### TASK ITEM
From the line containing "2x Canada Large" down to the line containing "1930s Vintage Dress", copy out the entries below exactly, both lines included, and nothing else; pictures do not belong in the copy.

─── DATASET CONTENT ───

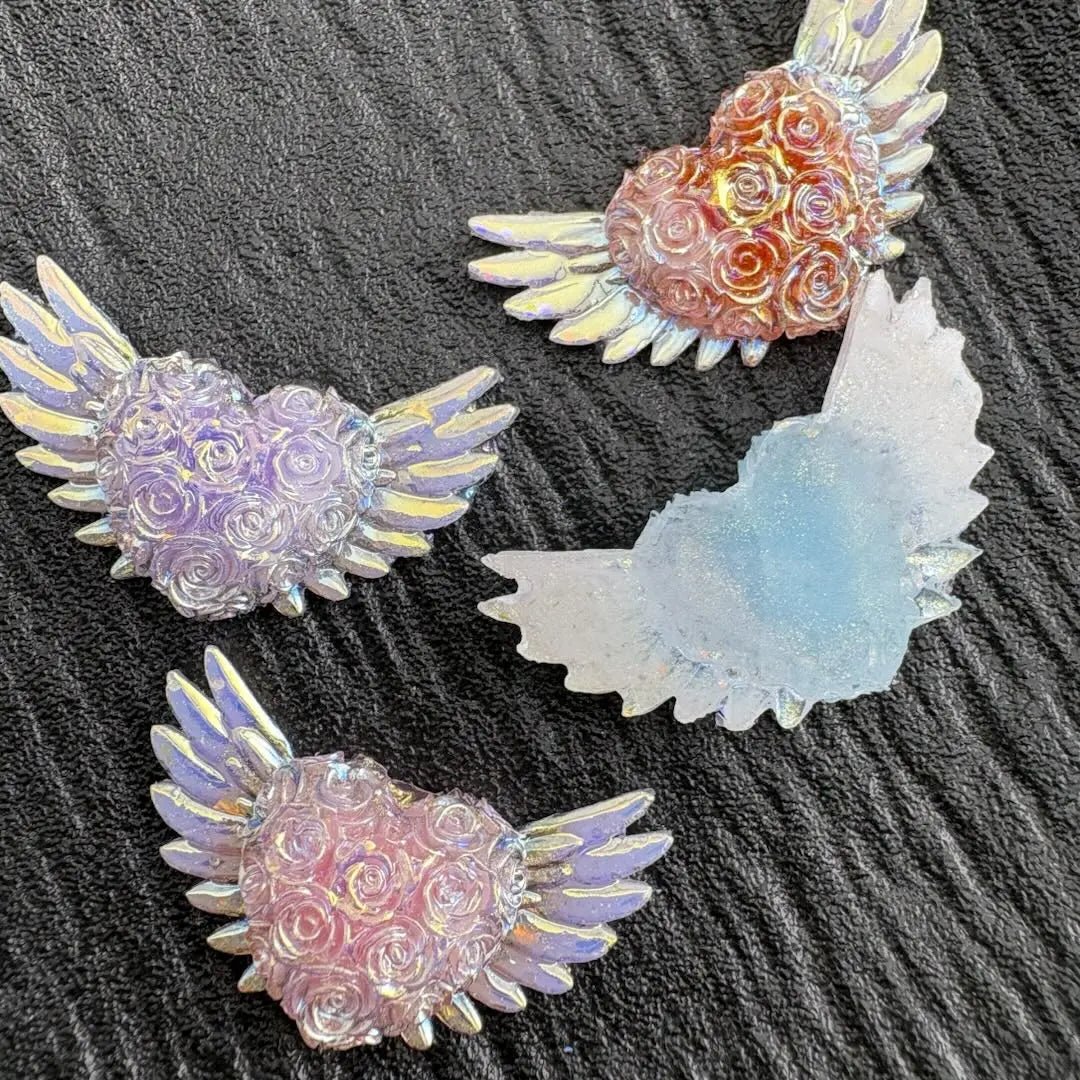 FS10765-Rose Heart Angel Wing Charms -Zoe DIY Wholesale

───
─── DATASET CONTENT ───

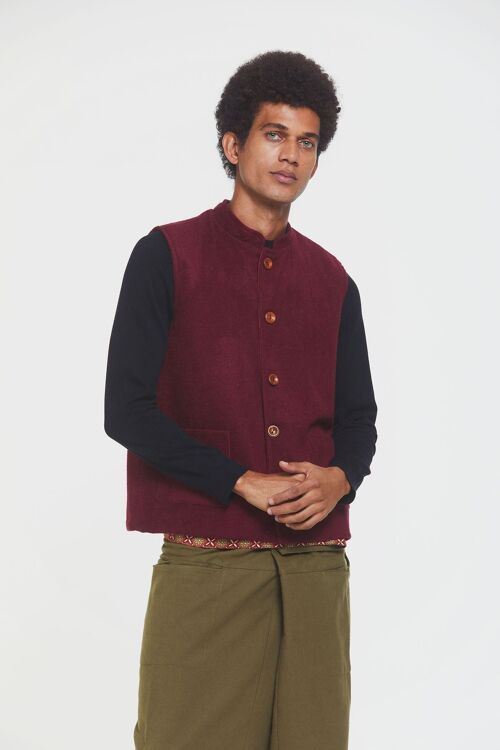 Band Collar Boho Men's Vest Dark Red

───
─── DATASET CONTENT ───

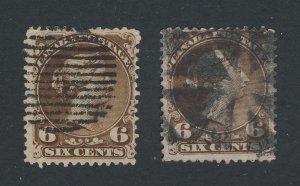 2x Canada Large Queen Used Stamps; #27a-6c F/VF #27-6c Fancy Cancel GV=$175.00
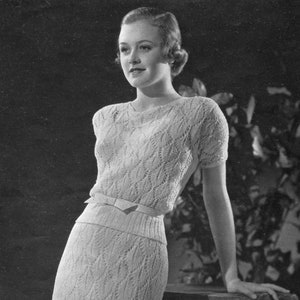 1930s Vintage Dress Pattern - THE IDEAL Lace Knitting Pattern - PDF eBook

───

### EXERCISE RESPONSE
 2x Canada Large Queen Used Stamps; #27a-6c F/VF #27-6c Fancy Cancel GV=$175.00
 1930s Vintage Dress Pattern - THE IDEAL Lace Knitting Pattern - PDF eBook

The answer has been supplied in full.